EUROPE - The European Parliament has approved a watered-down version of the portability directive but the paper will now go back to the Commission for more amendments in order to get the Council's approval.
The amended directive now accepted by MEPs in its first reading will guarantee a maximum vesting period of five years after which workers will be entitled to a pension under any supplementary pension arrangement offered by employers.
That said, companies will not be compelled to offer a supplementary pension.
Likewise, pension funds will not be required to make these rights portable but the directive seeks to ensure that people leaving a company will remain entitled to any supplementary pension benefits they accrued, and these dormant pension rights will also be protected against inflation.
"[In the first draft of 2005] the Commission had made a much more ambitious proposal which would have enabled workers to enjoy true portability of their pensions," commented Vladimír ·pidla, EU commissioner for Employment, Social Affairs and Equal Opportunities.
However, he welcomed parliament's work on the directive as a "real step in the right direction" and said he was "encouraged by the high level of debate on what is a complex and sensitive issue".
He believes the current draft "will greatly contribute to ensuring mobile workers face fewer barriers and that supplementary provision will continue to be successful and sustainable".
In its next step, the Commission will have to draft an amended proposal as the Council of Ministers, which will have to approve the directive unanimously in order for it to become law, had stated in May it would not be able to agree to the current draft.
The Dutch government had stated it feared the present proposal will allow deferred members to claim higher additional pensions without having made contributions and wants to prevent active members from having to pay the bill.
Once the commission has come up with an amended draft directive, it will then go through Parliament's employment committee again, followed by a second reading in a plenary session.
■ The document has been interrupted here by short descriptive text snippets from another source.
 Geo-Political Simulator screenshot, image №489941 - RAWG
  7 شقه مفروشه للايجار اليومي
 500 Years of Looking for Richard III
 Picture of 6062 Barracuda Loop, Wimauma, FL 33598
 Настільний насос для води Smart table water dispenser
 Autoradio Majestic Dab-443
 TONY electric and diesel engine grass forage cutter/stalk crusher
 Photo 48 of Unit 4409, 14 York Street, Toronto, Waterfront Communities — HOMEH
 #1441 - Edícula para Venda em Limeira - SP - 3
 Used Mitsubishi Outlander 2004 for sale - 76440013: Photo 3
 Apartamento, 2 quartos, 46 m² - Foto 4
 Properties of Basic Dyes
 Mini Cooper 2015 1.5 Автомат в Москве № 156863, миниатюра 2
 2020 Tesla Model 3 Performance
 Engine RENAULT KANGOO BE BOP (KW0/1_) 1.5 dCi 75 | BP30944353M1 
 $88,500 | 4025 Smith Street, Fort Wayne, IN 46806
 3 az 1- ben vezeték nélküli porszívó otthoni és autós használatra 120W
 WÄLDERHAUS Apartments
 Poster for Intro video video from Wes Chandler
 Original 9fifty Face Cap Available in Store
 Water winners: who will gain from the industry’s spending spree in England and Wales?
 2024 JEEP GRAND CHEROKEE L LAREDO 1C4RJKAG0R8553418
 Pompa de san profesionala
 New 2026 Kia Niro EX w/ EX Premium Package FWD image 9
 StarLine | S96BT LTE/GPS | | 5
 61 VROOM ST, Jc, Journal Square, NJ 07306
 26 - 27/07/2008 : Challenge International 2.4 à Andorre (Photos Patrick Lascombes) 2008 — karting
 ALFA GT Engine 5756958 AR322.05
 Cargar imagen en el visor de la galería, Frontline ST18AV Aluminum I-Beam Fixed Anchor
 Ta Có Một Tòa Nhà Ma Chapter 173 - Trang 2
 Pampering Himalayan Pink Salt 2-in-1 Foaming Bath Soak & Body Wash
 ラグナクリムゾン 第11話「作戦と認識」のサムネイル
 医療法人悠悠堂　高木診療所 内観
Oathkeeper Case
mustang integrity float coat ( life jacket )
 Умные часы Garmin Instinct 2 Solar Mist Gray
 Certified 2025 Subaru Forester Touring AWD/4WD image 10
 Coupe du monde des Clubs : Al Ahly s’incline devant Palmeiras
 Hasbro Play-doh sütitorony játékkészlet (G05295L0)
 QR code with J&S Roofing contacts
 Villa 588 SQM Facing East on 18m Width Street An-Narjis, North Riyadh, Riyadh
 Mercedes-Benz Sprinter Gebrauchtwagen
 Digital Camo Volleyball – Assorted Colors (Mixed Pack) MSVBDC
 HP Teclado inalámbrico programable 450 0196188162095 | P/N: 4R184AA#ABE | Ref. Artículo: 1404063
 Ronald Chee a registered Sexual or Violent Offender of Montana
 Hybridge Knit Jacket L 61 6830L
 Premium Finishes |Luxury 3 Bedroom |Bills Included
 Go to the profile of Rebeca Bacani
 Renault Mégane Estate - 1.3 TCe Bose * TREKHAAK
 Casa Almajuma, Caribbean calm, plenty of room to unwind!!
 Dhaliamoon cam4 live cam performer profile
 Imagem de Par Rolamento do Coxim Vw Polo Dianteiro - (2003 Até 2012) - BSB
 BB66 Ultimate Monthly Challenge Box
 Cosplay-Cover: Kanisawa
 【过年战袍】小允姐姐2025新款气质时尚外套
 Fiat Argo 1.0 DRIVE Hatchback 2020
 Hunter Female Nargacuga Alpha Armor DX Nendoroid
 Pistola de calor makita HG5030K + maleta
The council will then have to negotiate a compromise it can unanimously agree to.
A spokeswoman for the EU Parliament told IPE it was very difficult to say when the portability directive would return to parliament.
"It will depend on when the commission can come up with the amended draft and whether the Portuguese EU presidency [which will take over from Germany from July 1] will make the topic a priority," she said.
Portugal is one of the European countries where occupational pensions tend only to be paid out to employees who stay with the company until their retirement. Any European regulation which forced companies to guarantee a pension to every employee above the age of 25 and who has been with the company for five years would mean a major change for Portugese employers.